* [WHAT IS NEEDED] Once you reach the line with "Luxury holiday home" in the material below, copy each line exactly up to and including the line with "sunray paros villa gallery garden 1", and skip the pictures.

* [DATA RECORDS]
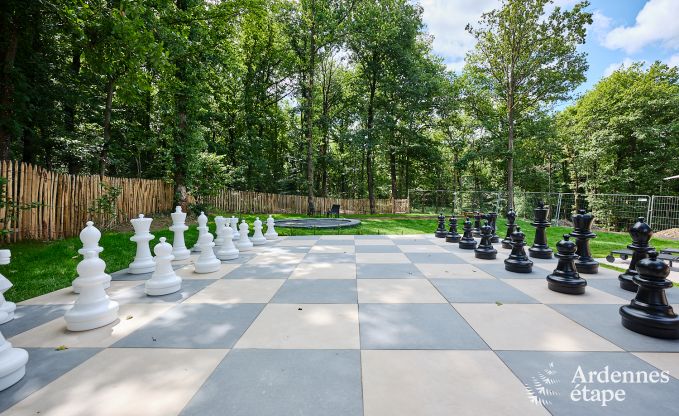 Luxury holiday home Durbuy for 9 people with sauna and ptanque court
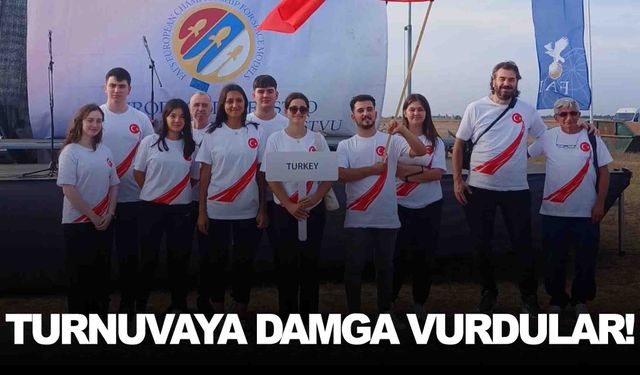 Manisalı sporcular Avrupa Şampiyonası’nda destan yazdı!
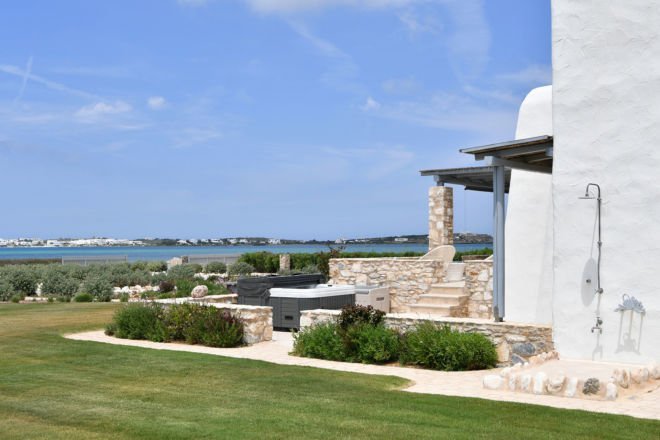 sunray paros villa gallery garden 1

* * *

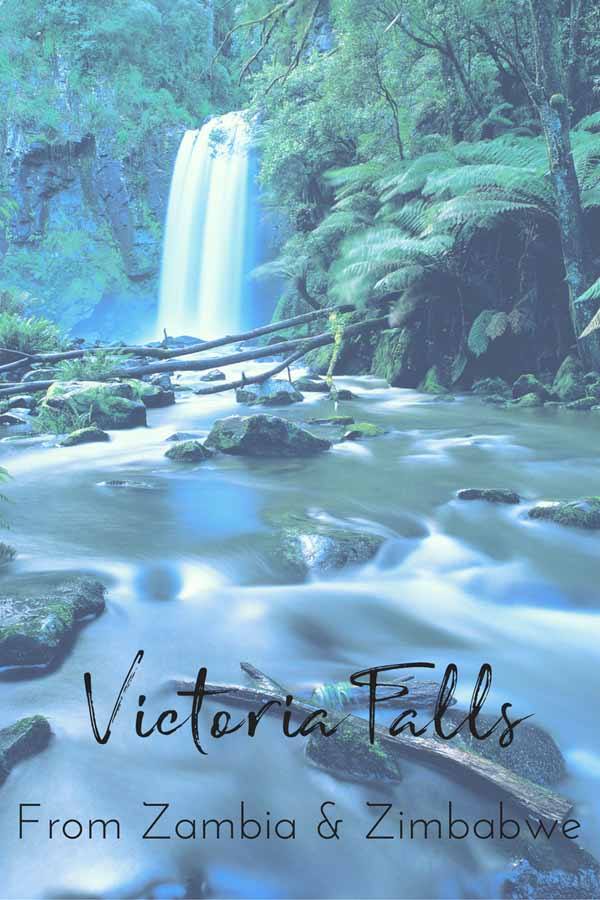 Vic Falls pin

* [ANSWER AREA]
 Luxury holiday home Durbuy for 9 people with sauna and ptanque court
 Manisalı sporcular Avrupa Şampiyonası’nda destan yazdı!
 sunray paros villa gallery garden 1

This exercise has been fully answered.